Они были почти рядом с Красновым, когда послышалось отчетливое, нарастающее жужжание и слишком далеко, чтобы успеть что-то предпринять. Раздался глухой щелчок: дверь захлопнулась. Их попытки открыть ее, успеха не имели.
– Надо попробовать через тоннель, – первым опомнился Краснов.
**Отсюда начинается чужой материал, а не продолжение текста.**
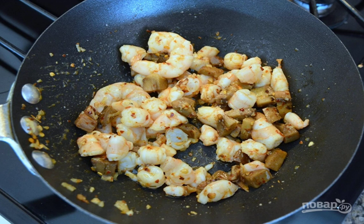Then stuff the mushroom caps with shrimp, a mixture of vegetables, garnish with basil, and season with red pepper.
Они кинулись к нему, но по пути внимание группы привлек открытый подполковником ящик.
– Осторожно! – нервно выкрикнул Краснов. Все трое одновременно обернулись. – Руками ничего не трогать, – добавил он пересохшими губами.
Подчиненные, вытянув шеи, заглянули в ящик.
– Вот это да-а... – восхищенно протянул Мелидзе. Но тут его взгляд упал на еще один предмет. – А это здесь... зачем? – И он в упор посмотрел на Краснова.
Остальные тоже заметили и теперь смотрели на подполковника. Их взгляды были более чем выразительные. Краснов молчал. Он впервые не знал, что ответить. Подойдя, стал аккуратно расправлять ножом бумагу и мешковину.
– Я думаю, будет лучше, если мы прямо сейчас забудем все, что видели, – не глядя на офицеров, проговорил подполковник.
Последующее произошло настолько молниеносно и неожиданно, что никто из них ничего не смог понять. Из-за штабеля стремительно взметнулось что-то огромное и черное и с дикой яростью всей массой рухнуло на Краснова, отбрасывая его на стоящих рядом членов группы. Падая, он с ужасом увидел, как нож, описав дугу, кончиком подхватывает лежащий на мешковине предмет и тот, подброшенный в воздух, начинает разваливаться на две части. Раздавшийся затем тонкий звон показался ему оглушительным взрывом многотонной авиабомбы. "Не вскрывать!" – пронеслось в затухающем сознании, на которое уже жадно набрасывалась антрацитовая, непрницаемая тьма...
Глава седьмая
Несколько минут они изумленно, с возрастающим интересом смотрели друг на друга. Зажав рукой рот, тряся головой, она сквозь слезы поминутно повторяла:
– Не может быть... не может быть... не может быть...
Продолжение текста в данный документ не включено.